迅速翻新后的社区,试图尽快回到经济高速发展的轨道之上,将过去的不美好置之脑后。国内有媒体采访了受爆炸影响的小区居民、死难的编外消防队员家属、爆炸事故罪魁祸首瑞海公司的员工,试图通过描绘他们的生活,再现出爆炸发生后这些普通人的生活在如何发展。很不幸的是,这篇文章在大陆网络上被定点删除,不留一点信息。
在官方指定的互联网记忆里,只有欣欣向荣口径的官方话语,宣传一切事情都在有条不紊地进展,居民情绪稳定。
这宗爆炸事件,看起来好像和所有其他的事件一样,会在浮躁的社会里,被耐心的维稳技术碾碎,不留下任何痕迹。半年前的2月5日,国务院调查组发布了《天津港“8·12”瑞海公司危险品仓库特别重大火灾爆炸事故调查报告》,这份中规中矩的报告没有带动舆论跟进。爆炸事件发生后被持续关注的,是那批被爆炸影响到的豪车。一直有声音持续追踪这批受损的豪车究竟去了哪里,是否会蒙混过关流入普通市场。
对比看来,好像大众对毫无诚意的官方话语已经丧失了兴趣,更执着聚焦于于个人利益是否受损。在精妙的维稳和舆论控制下,要从微观层面找出准确的客观证据来,判断大众的舆论兴趣点究竟在哪里,相当困难。我们唯有回溯中国从 90 年代到今天的社会经济历程,将天津爆炸这一滴水放进历史之中,慢慢地推敲。
2008 之后:中国中产的抗争与社会建设
长期以来,中国政府通过拉动高速经济发展,保持社会稳定。让大多数人不主动参与政治,为政府奠定合法性基础。

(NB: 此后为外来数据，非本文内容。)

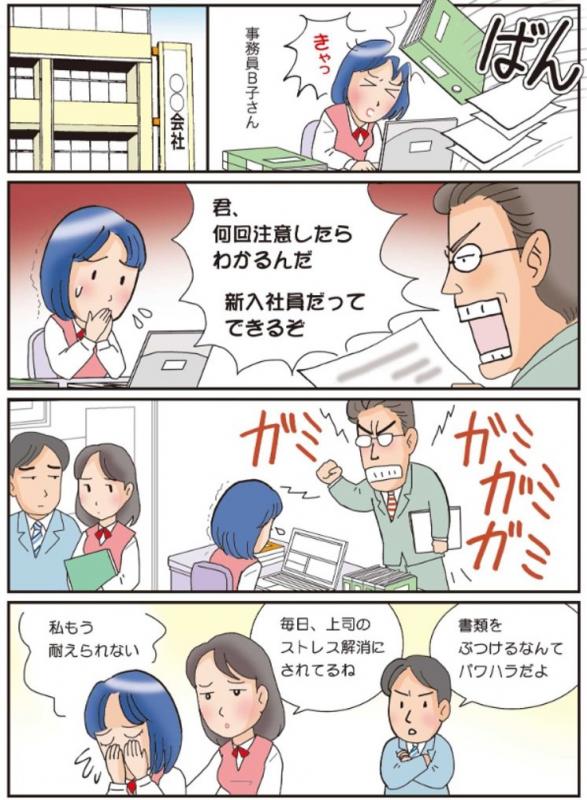 個別あっせん事例画像前半(パワハラ)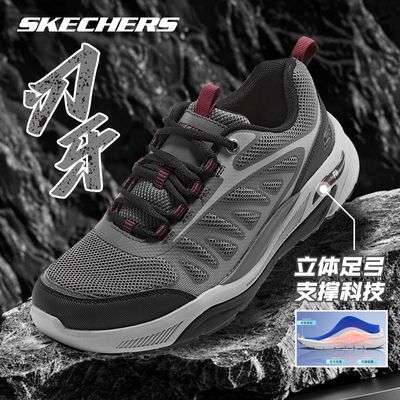 ڲSkechers˹2024ʱ¿ͽ㹭֧ʼЬ˶Ь366Ԫ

从国内经济发展的曲线来看,1997 年到 2008 年是制造业产能被释放后的经济上升阶段,也相对伴随了政权合法性最为稳固的时段。2008 年之后,本应开始进入下滑趋势的中国经济,阴差阳错地赶上了互联网金融的大潮。互联网金融的诸多创新,填补了传统经济模式落后的局面。在此基础上,中国经济又被拉入了一个新的高速增长时期,并创造出更多的财富神话。这个神话延续到 2015 年。伴随着诸多创业公司的死亡和 P2P 的倒闭狂潮,越来越多人开始关注经济“新常态”的到来。总而言之,好日子总有一天是会到头的。
传统经济模式达到顶峰的2008年,也是中国人整体自信指数最高涨的一年。大量国人不仅个人财富增加,还赶上人民币的持续上涨,有了更强的海外购买力,加之奥运会要在中国举办,赶上了空前盛世的激动溢于言表。

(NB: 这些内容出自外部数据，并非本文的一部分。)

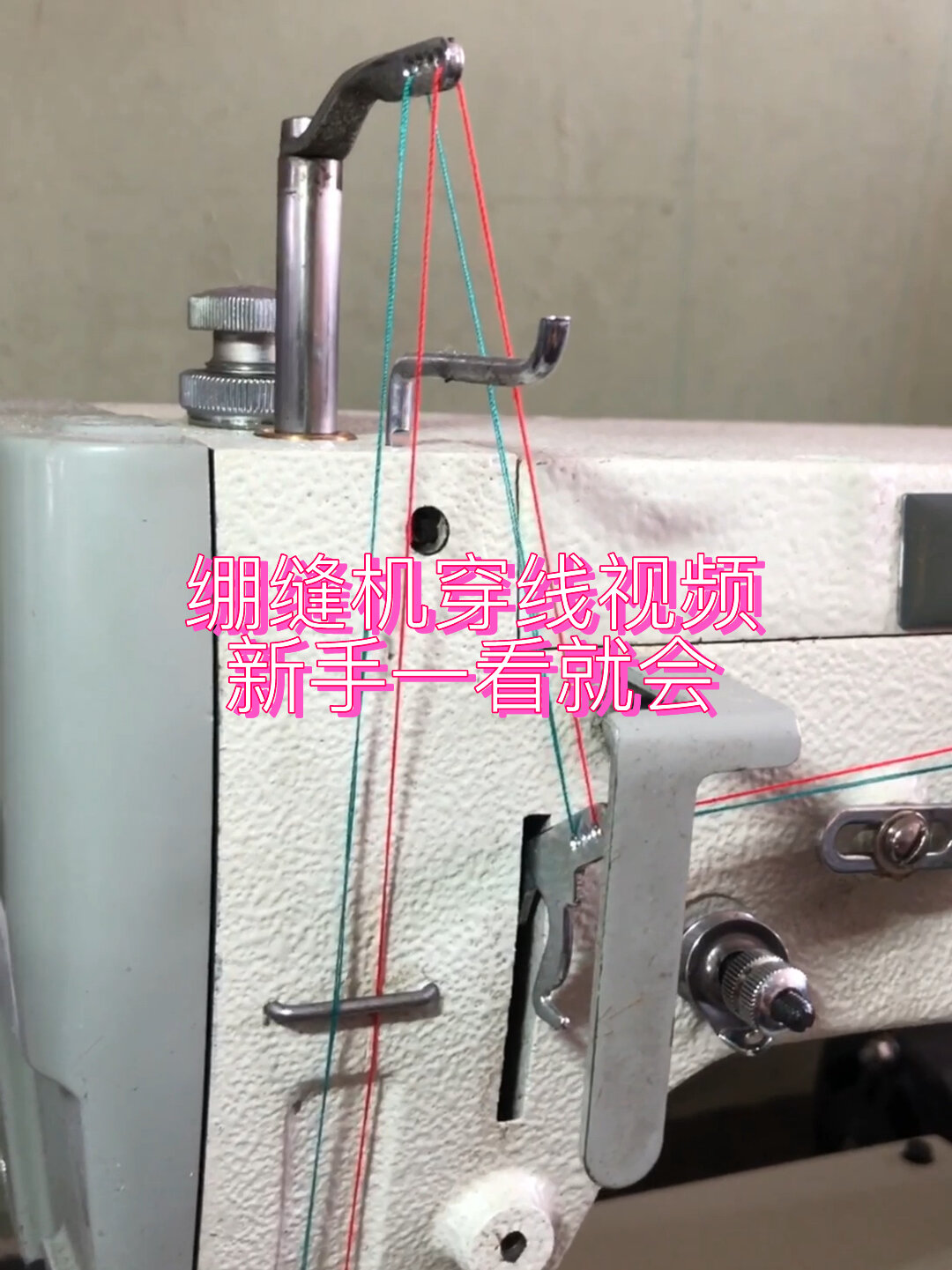 银箭coo7绷缝机零件图图片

同样是2008年,汶川地震爆发,将落后的中国社会结构打回了原型。贪污腐败的体制衍生出来的豆腐渣工程,无法保障人民生命安全。原始落后的社会动员体制,不能及时有效地参与到灾害救援之中。灾民在混乱里充满了愤怒。
汶川地震集中展示出来的混乱,为中国的民间社会带来了两个方向:一方面看到了更多政治体制的弊端和弱点,而极力要去改变;另一方面,以一大批参与救灾的志愿者为起点,许多接受了高等教育的青年人和商界人士,看到了社会发育的不足,转身开始从事助学、环保、公平贸易、社会创新等领域,全身心投入社会建设之中。
前者以《零八宪章》为标志,在这个历史关头,准备撬动更剧烈的变革。而后者的努力,被许多国内学者共同称为“公民社会元年”。而二者的命运,也很快就见了分晓。前者遭遇全面的政治打压,后者则一路发展得欣欣向荣。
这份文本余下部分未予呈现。